### Aim of the task
Look through the listing below for the line with "Craft CORE Dry" and the line with "Suzuki Swift 2012 Urgent for sale 4". Copy both, along with every line between them, exactly and with no pictures.

::::::

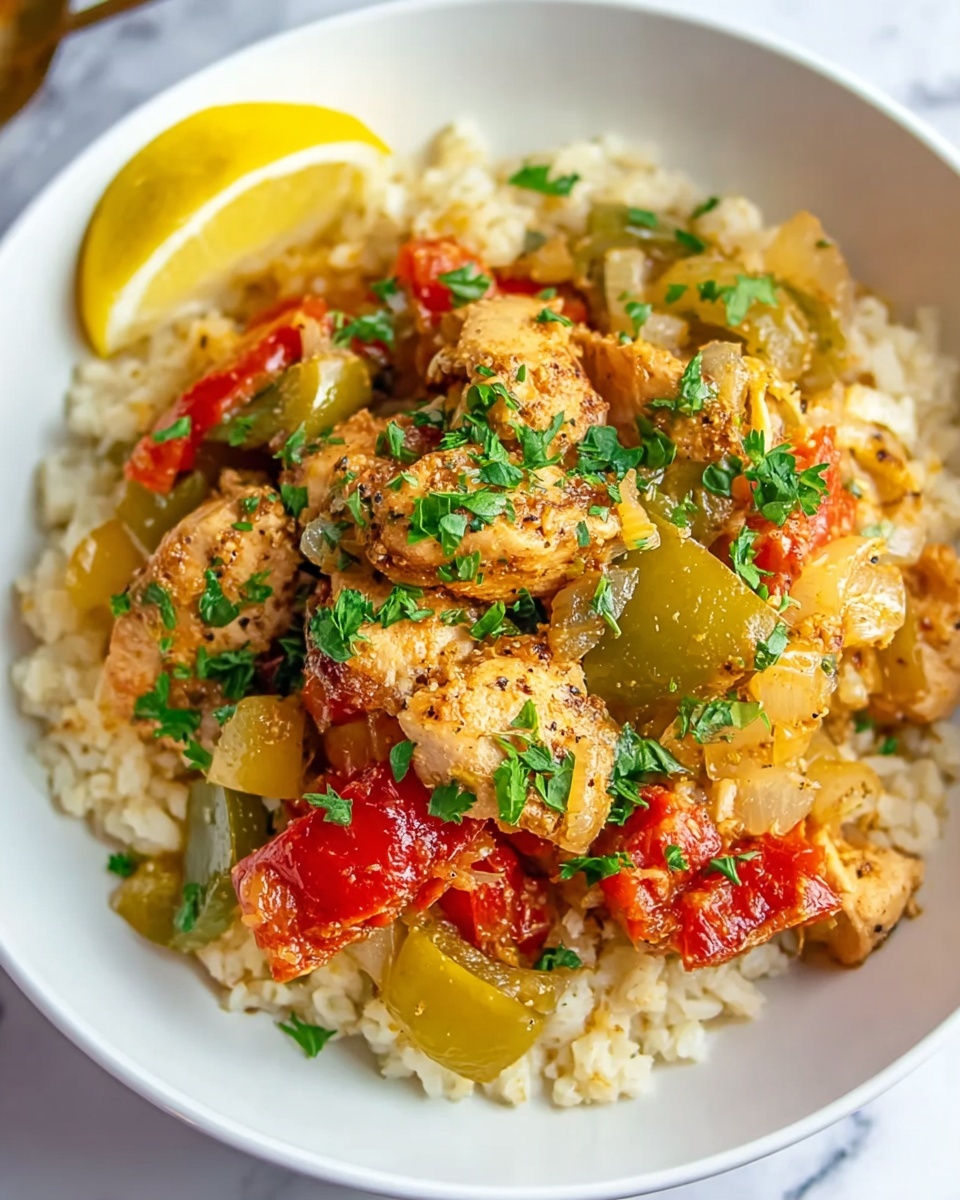 Crock Pot Mediterranean Chicken Recipe - Recipe Image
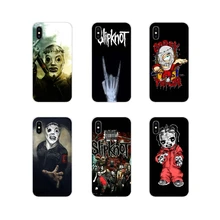 Funny Slipknot Rock для Oneplus 3 5 6 7 T Pro Nokia 2 3 5 6 8 9 230 2,1 3,1 5,1 7 Plus 2017 2018 аксессуары чехлы для телефонов(China)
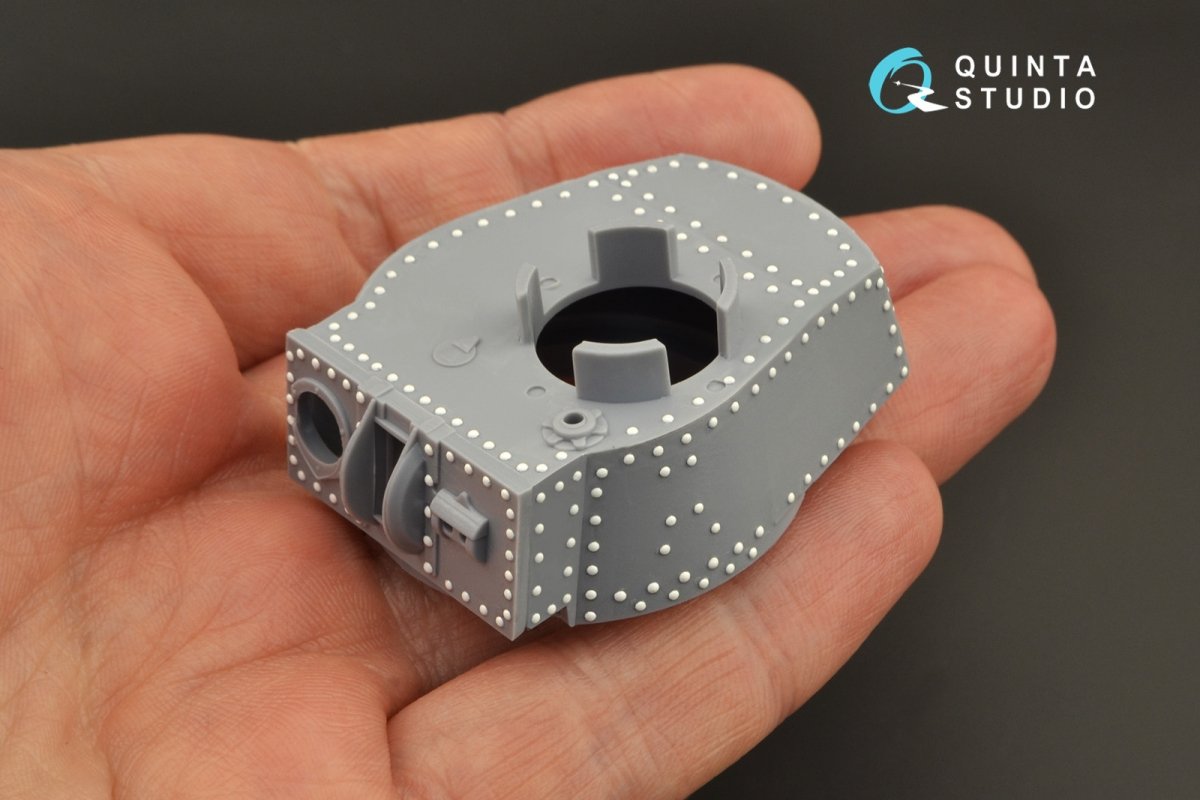 Quinta Studio QRV-005 Separate positive rivets, 0.8mm (0.031&amp;quot;), 660 pcs – immagine 7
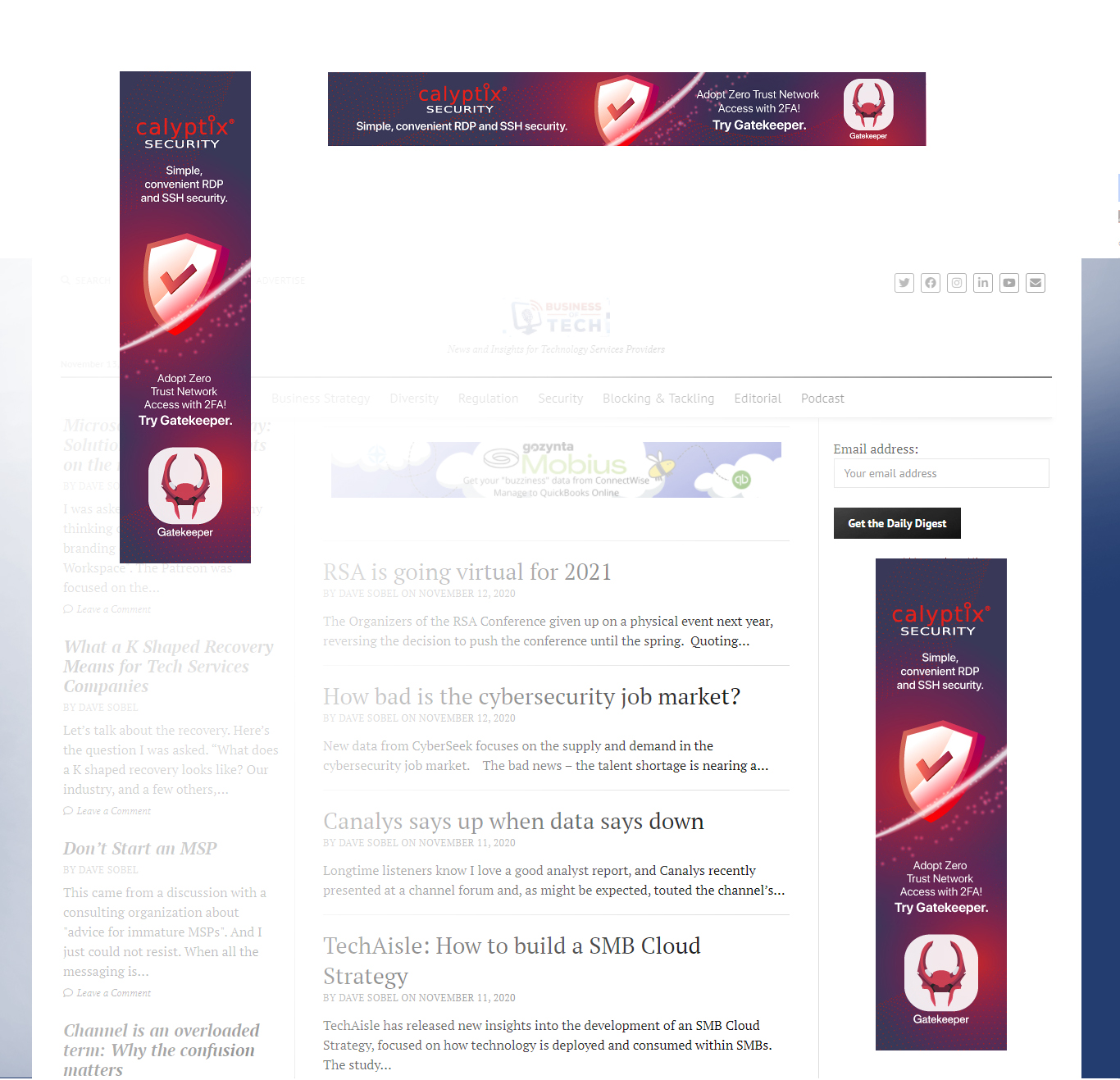 Banner Ad Design by ElenaNelyubina for Calyptix | Design #25763265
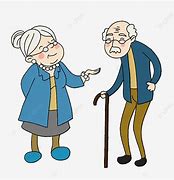 Image result for Old People Black and White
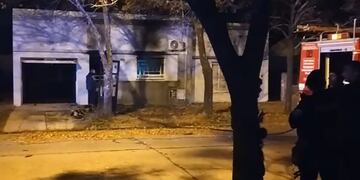 El incendio que ocurrió en Necochea al 1600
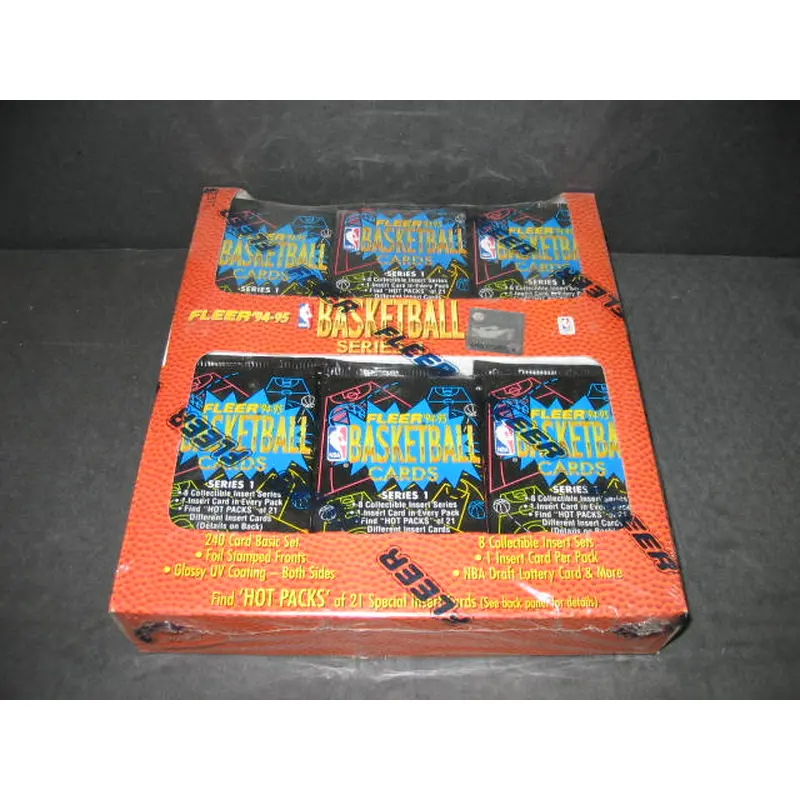1994/95 Fleer Basketball Series 1 Box (Magazine)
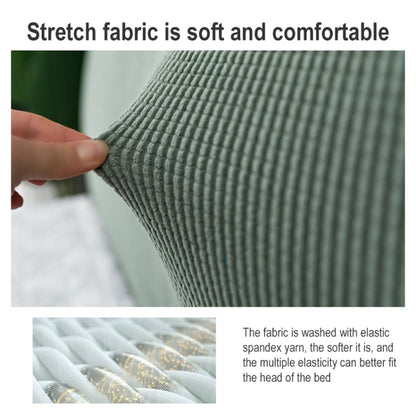 Polar Fleece Elastic Full Covered Headboard Dust Cover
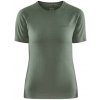 Craft CORE Dry Active Comfort SS W 1911677 dámske tričko - zelená (B687000) - L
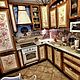 Роспись кухонных фасадов "Розы". Декор. Жанна Демидова (Jandemi). Интернет-магазин Ярмарка Мастеров.  Фото №2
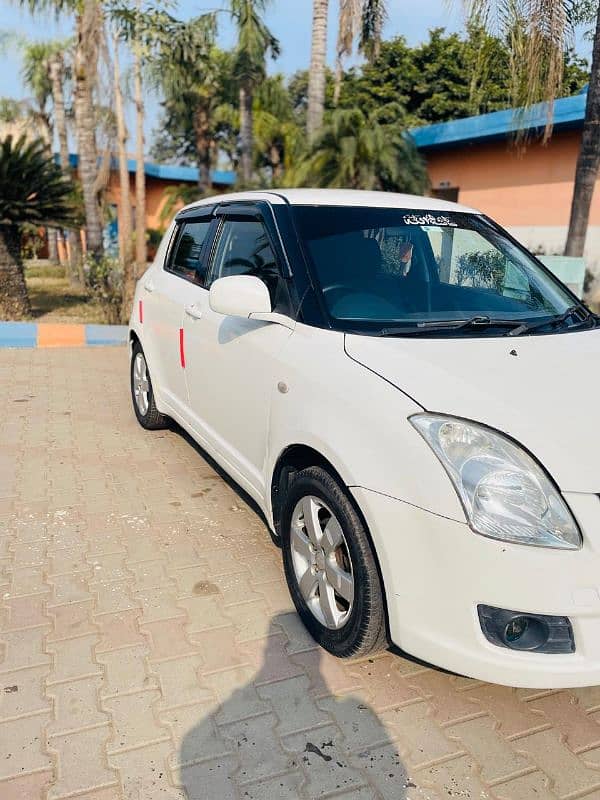 Suzuki Swift 2012 Urgent for sale 4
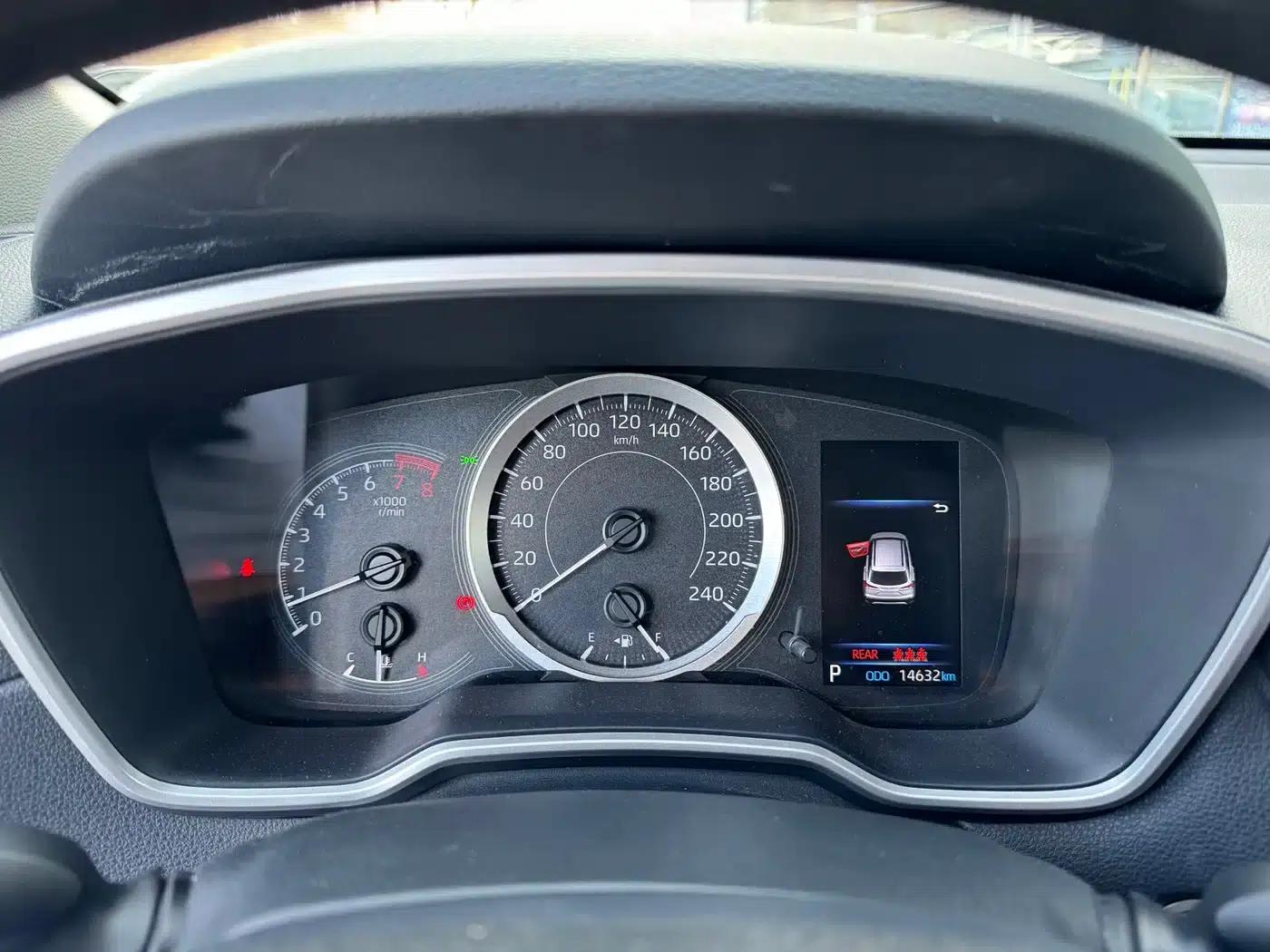 Fenglanda 2022 2.0L CVT Luxury Edition — миниатюра 11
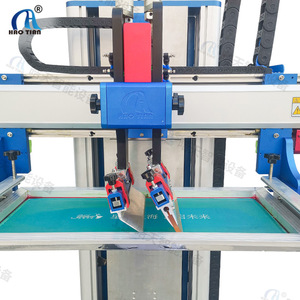 Máquina de Serigrafía Haotian S-3050G, Totalmente Automática, Superficie Plana de 350mmX550mm, Impresión Monocromática - Product Image 4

::::::

### Answer for the task
 Craft CORE Dry Active Comfort SS W 1911677 dámske tričko - zelená (B687000) - L
 Роспись кухонных фасадов "Розы". Декор. Жанна Демидова (Jandemi). Интернет-магазин Ярмарка Мастеров.  Фото №2
 Suzuki Swift 2012 Urgent for sale 4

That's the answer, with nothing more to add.